Start with the children. The only organization with any major presence
in the lives of both prisoners and their children is Prison Fellowship
(PF), an international Christian para-church organization started a quarter-century
ago by ex-Watergate felon Charles Colson. PF ministers to prisoners in
every state, and last year it mobilized some of its 60,000 church-based
volunteers in America to deliver Christmas gifts to nearly 500,000 children
of incarcerated adults. PF is in the process of expanding this program,
known as Angel Tree, to 1 million children. Meanwhile, the nation's largest
and best-known secular mentoring organization, Big Brothers Big Sisters
of America (BBBSA), is in the process of expanding its present list of
about 160,000 "active matches" to a million. Chaired by former
Republican Sen. Dan Coats, BBBSA is already partnering with faith-based
organizations and developing a promising set of school-based mentoring
programs.
Together, PF and BBBSA could put responsible, caring nonparental adult
mentors and ministers into the lives of nearly all low-income urban children
who have lost a father or mother to prison or jail. The two organizations
have entered into preliminary discussions about jointly developing a prototype
program in Philadelphia. Researchers at Public/Private Ventures and the
University of Pennsylvania are poised to monitor the program's implementation
and measure its results.
The so-called charitable choice provision (section 104) of the 1996 federal
welfare reform law made it possible for Washington to fund faith-based
social welfare programs via contracts and vouchers on the same basis that
it funds any other non-governmental providers of such services. If the
PF/BBBSA partnership becomes real, and if the Philadelphia prototype shows
objective signs of real promise, then the next president and Congress
should help it come to other cities through an expansion of charitable
choice or by other legislative means.
Next, bring the reinventing government drive to state and local probation
so that fewer first-time felons become career criminals, waste years behind
bars, never parent their children, and never work for a living. The aforementioned
CCI report, and the spring 2000 issue of Corrections Management Quarterly,
provide a plan of attack. The next president and Congress should encourage
the Department of Justice to work with top state and local probation leaders,
financially leverage (but not lead or overtake) their reinvention initiatives,
and commission independent research to document the results and determine
how, if at all, successful initiatives can be replicated.

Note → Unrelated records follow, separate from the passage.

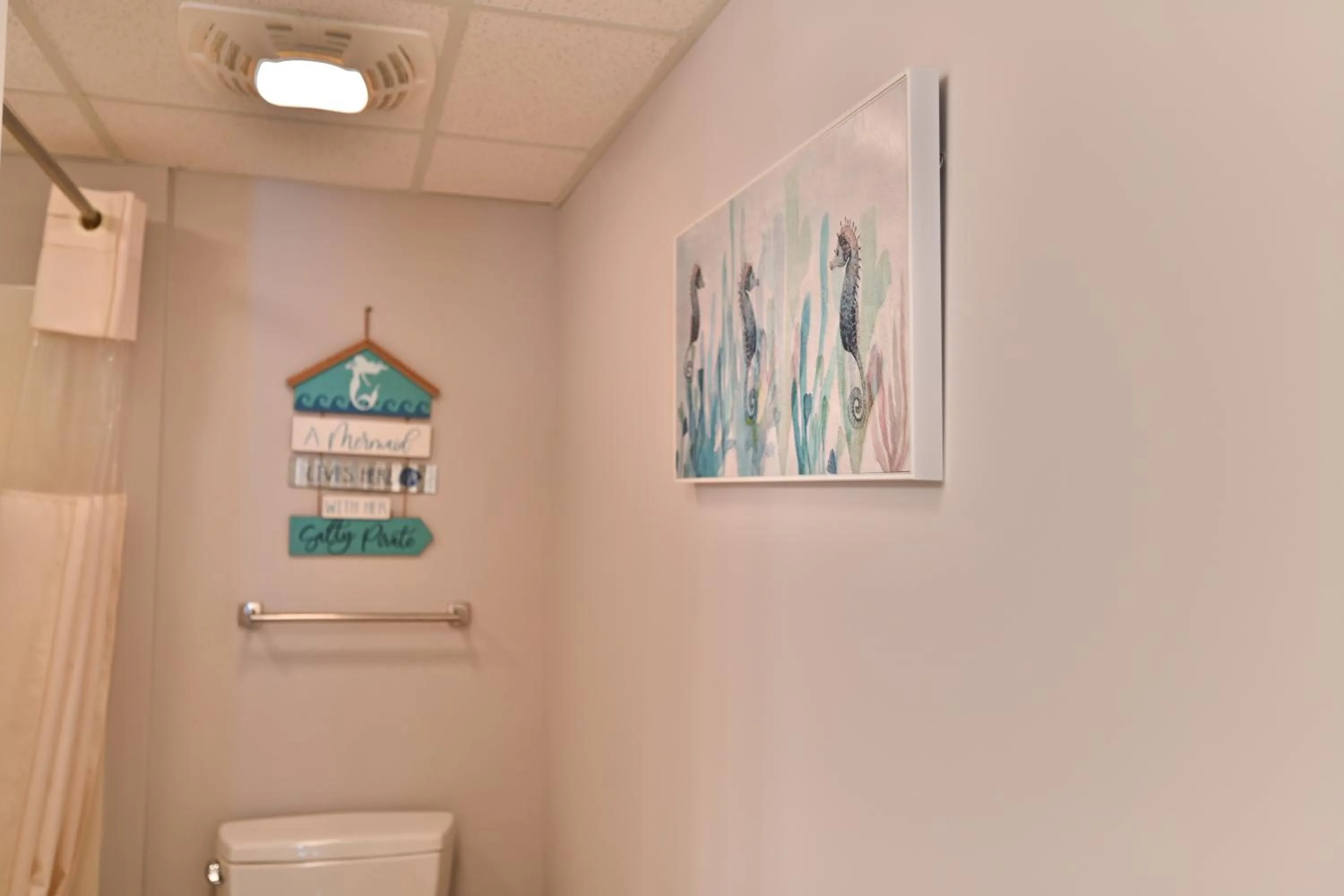 Decorative detail in Pristine Condo Glorious Ocean View HS 11th Floor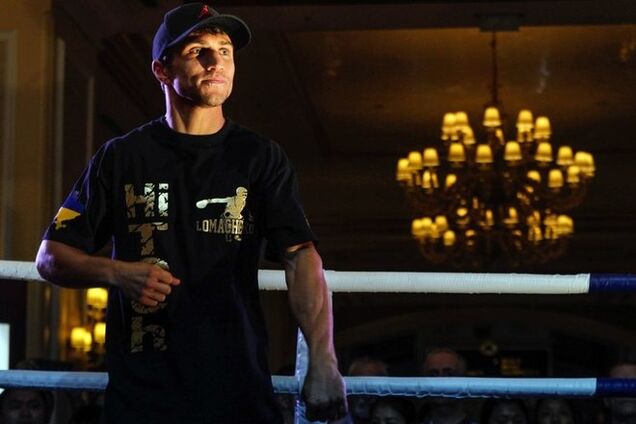 СуперВася размялся перед чемпионским боем: фото и видео тренировки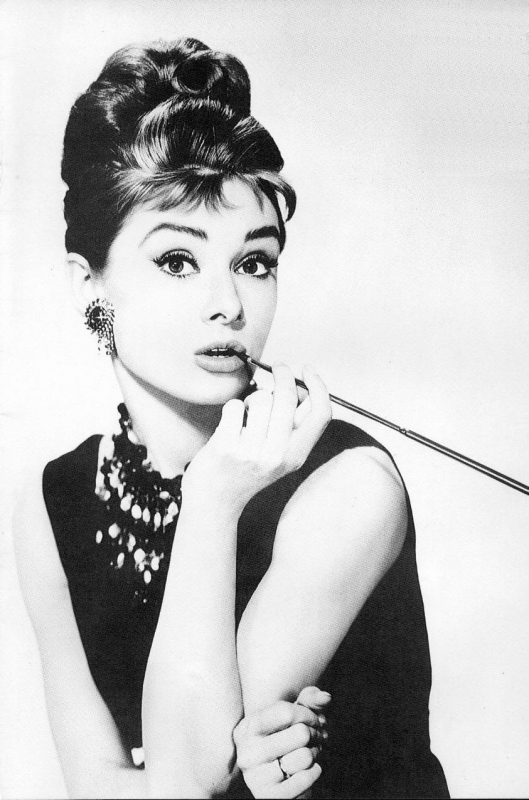 Audrey Hepburn In Una Celebre Immagine Promozionale Per Colazione Da Tiffany 89197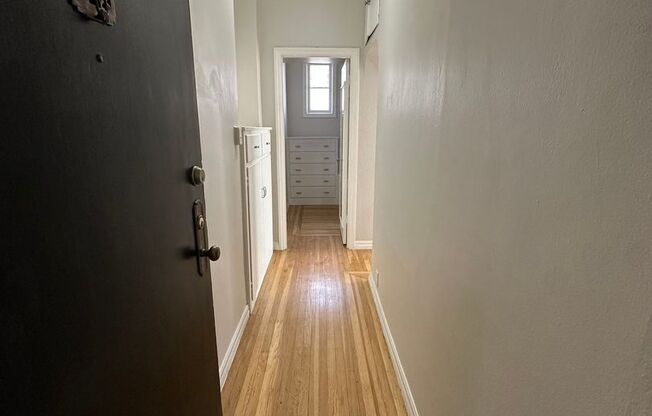 Studio, 1 bath, 309 sqft, $1,650, Unit 601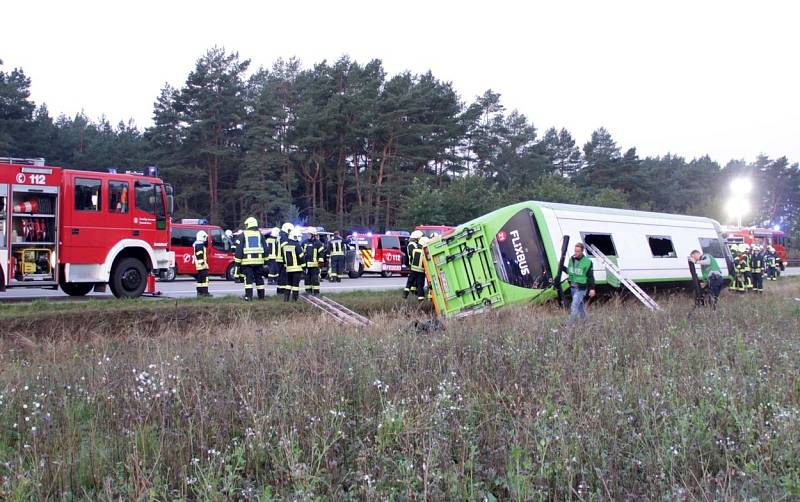 Autobus sjel ze silnice u města Wöbbelin nedaleko Hamburku ze silnice a převrátil se na bok.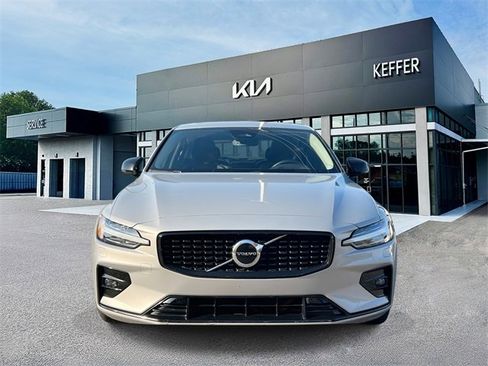 Used 2023 Volvo S60 B5 Core image 3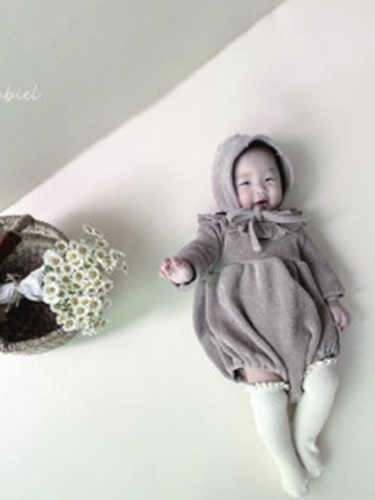 Scarlet Romper Bonnet Set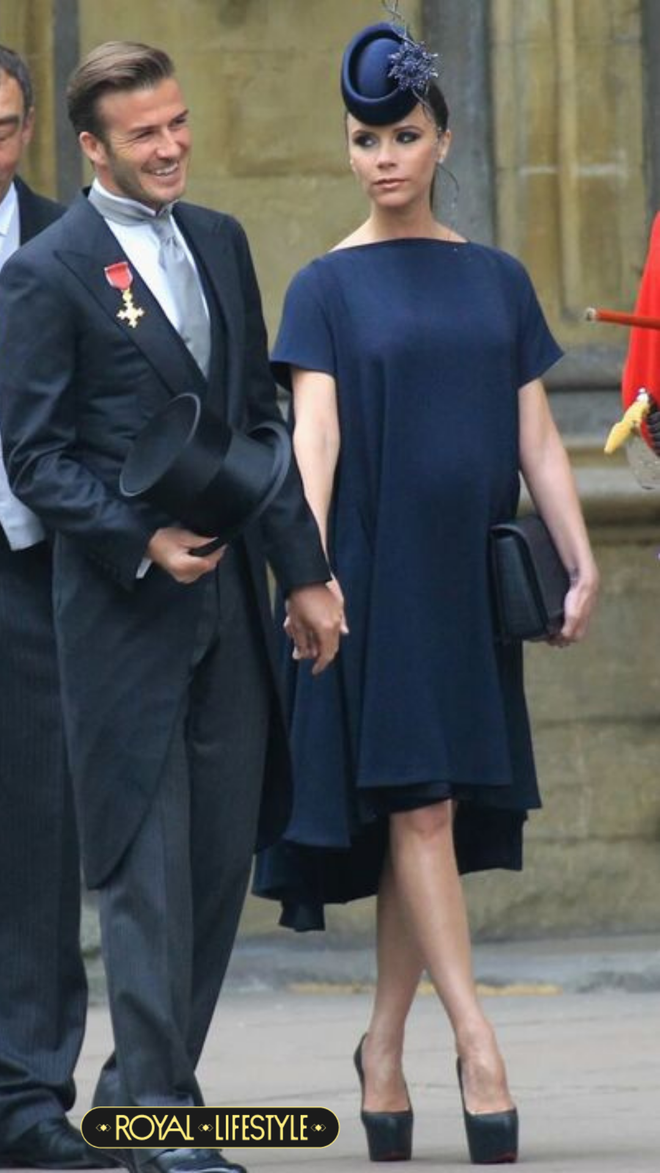 Victoria Beckham chỉ mặc một màu duy nhất khi gặp Hoàng gia và lý do khiến ai cũng phải gật gù khen thông minh!- Ảnh 2. Victoria Beckham chỉ mặc một màu duy nhất khi gặp Hoàng gia và lý do khiến ai cũng phải gật gù khen thông minh!- Ảnh 2.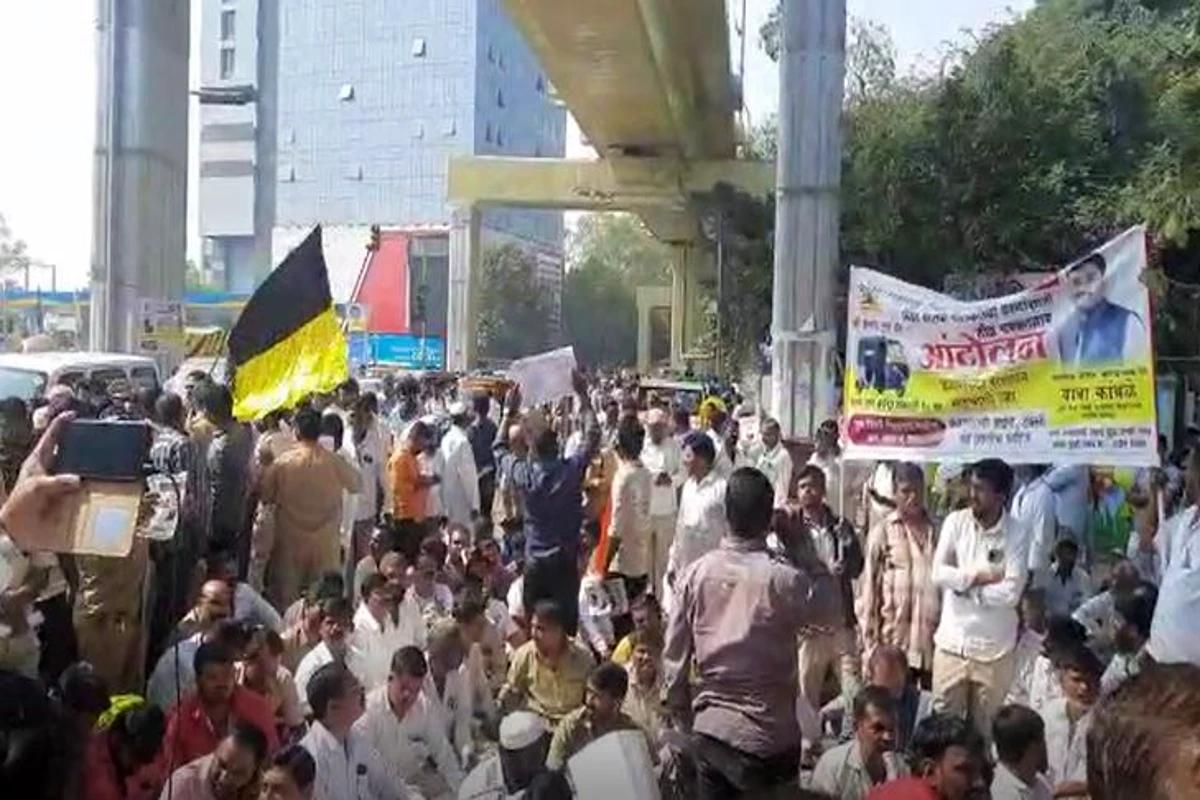Pune: पुणे में रिक्शा चालकों का Ola Bike के खिलाफ प्रदर्शन, कहा- तुरंत बंद की जाए सर्विस, धंधे पर पड़ रहा असर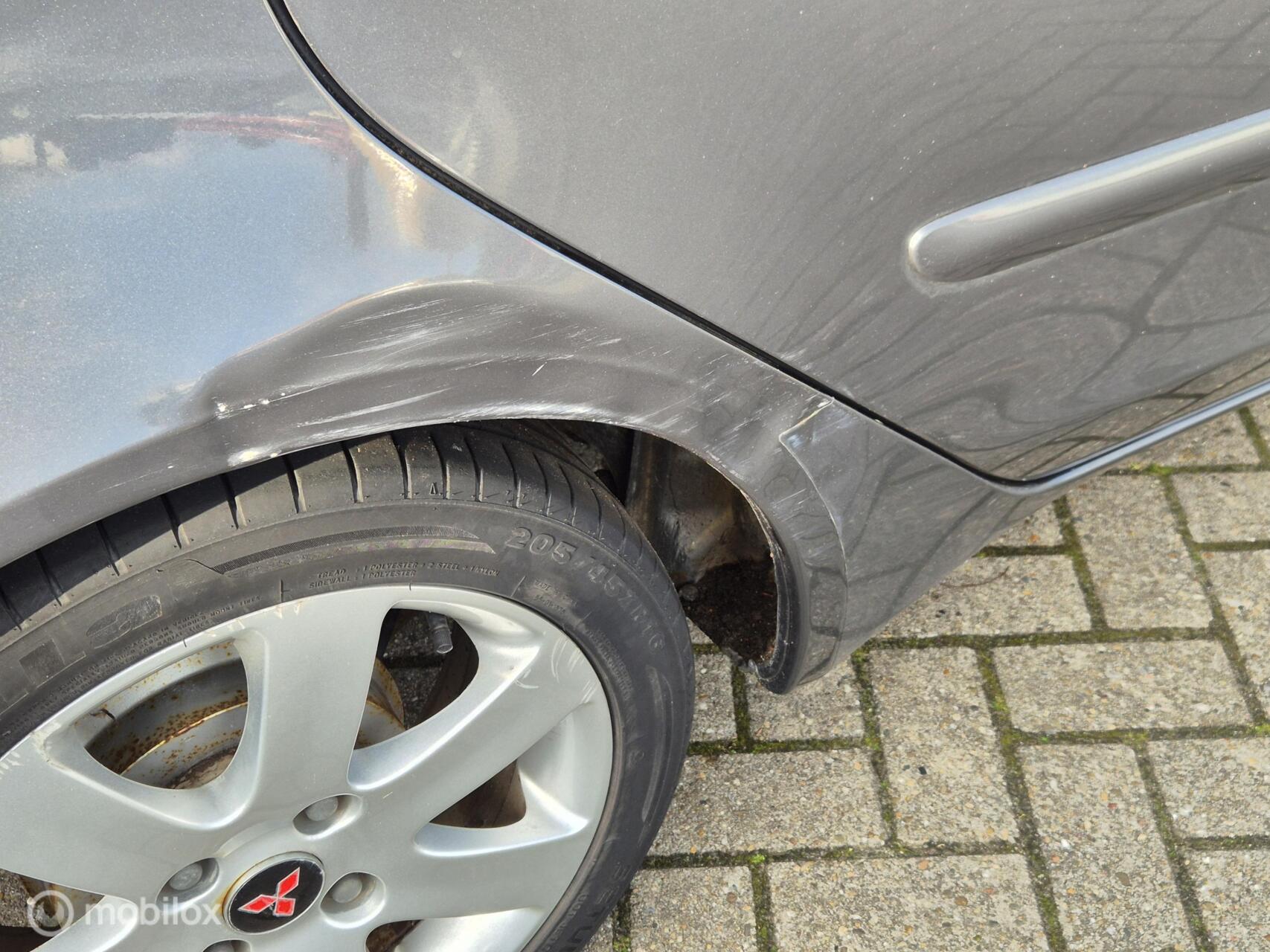 Foto van Mitsubishi Mitsubishi Colt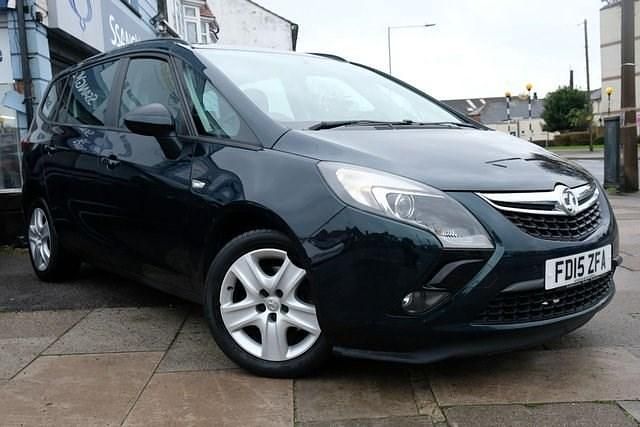 Used Vauxhall Zafira Tourer 138 HP (101 kW) 2015 Green MPV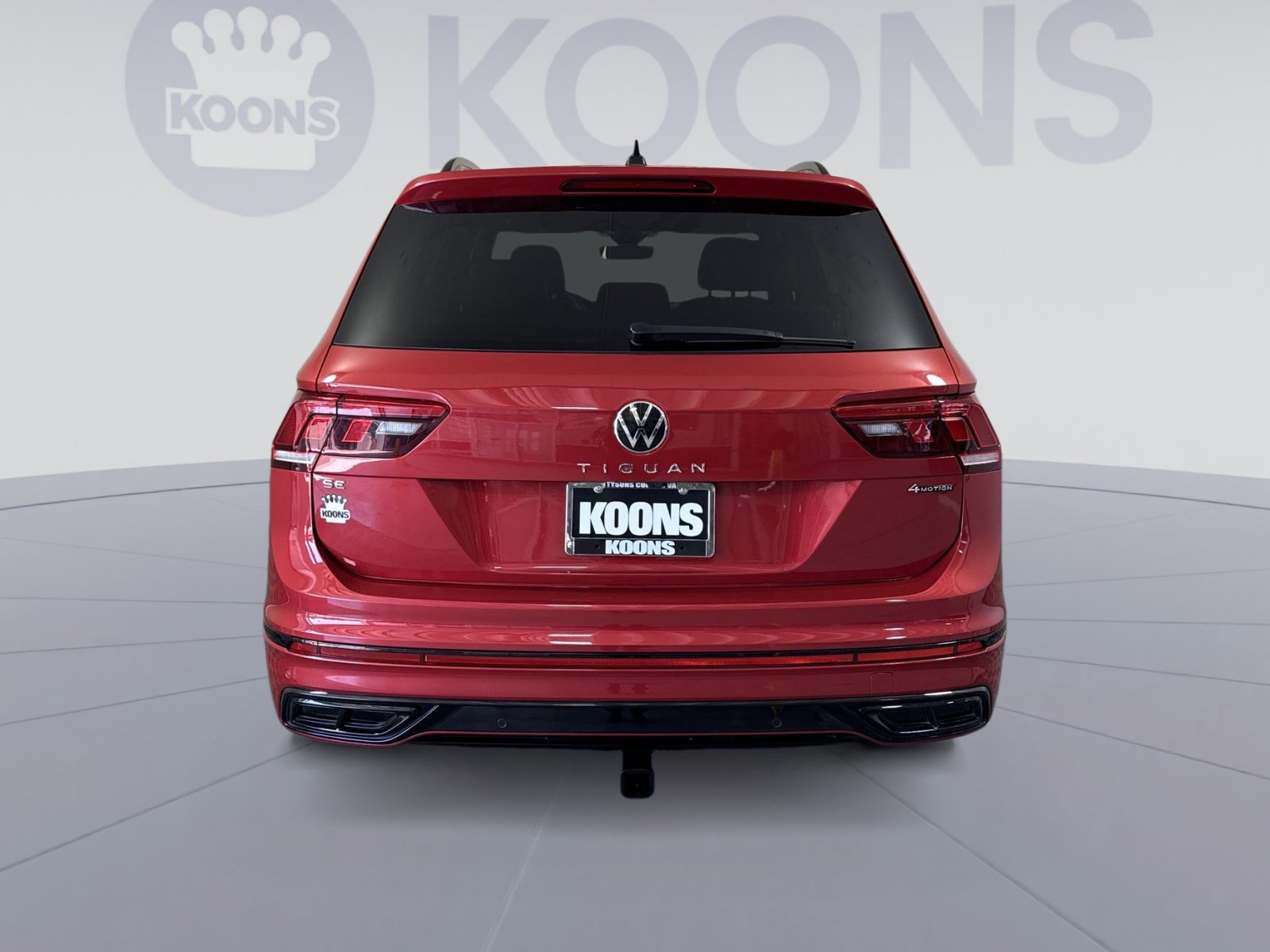 Used 2024 Volkswagen Tiguan SE R-Line AWD/4WD image 5
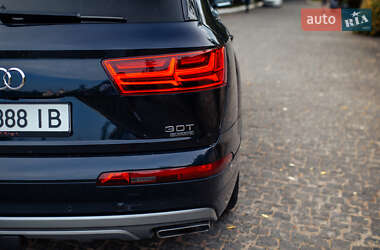 Внедорожник / Кроссовер Audi Q7 2017 в 
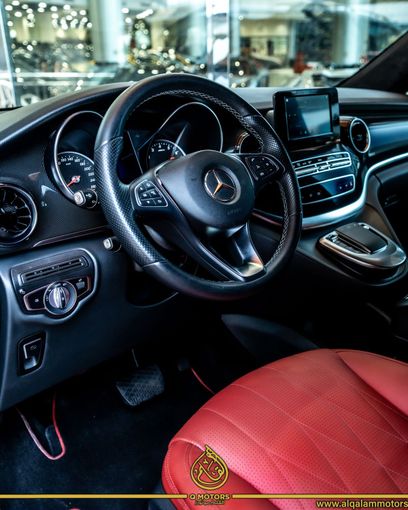Подержанный Mercedes-Benz V-Class 250 III (W447), 2.0 л, 2020 в Дубае от Q Motors Черный цвет. GCC | AUTO.AE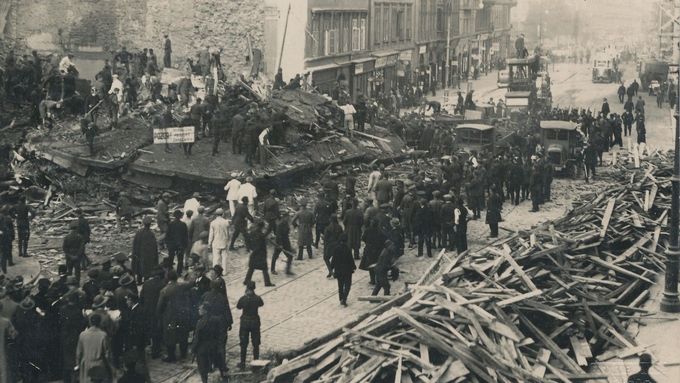 Pád domu měl tragickou i absurdní příchuť. Podle závěrů vyšetřování došlo ke zřícení kvůli přetížení rohových pilířů a příliš uspěchané stavbě.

Finally, research by Yale psychologist Sally Satel and others clearly
suggests that "coerced abstinence" substance abuse programs
of various types work. BJS researchers have reported that fully half of
all adult probationers and state prisoners committed their latest offenses
while under the influence of alcohol or drugs.
Still, the federal government has not widely funded such programs for
offenders in prison, in jail, on probation, or on parole. The 1989 report
of the first federal drug czar, William Bennett, lamented that "millions
of individuals who need help to stop using drugs" do not receive
effective treatment. The 1999 report of drug czar Barry McCaffrey called
for "closing the public treatment system gap." There are thousands
of existing programs, religious and secular, public and private, in prisons
and on the streets, that can be harnessed now to close that gap.
In sum, nothing is guaranteed to keep crime going down, but getting a
more positive public policy grip on the children of prisoners, drug-addicted
offenders, and felony probationers is a wise, humane bet.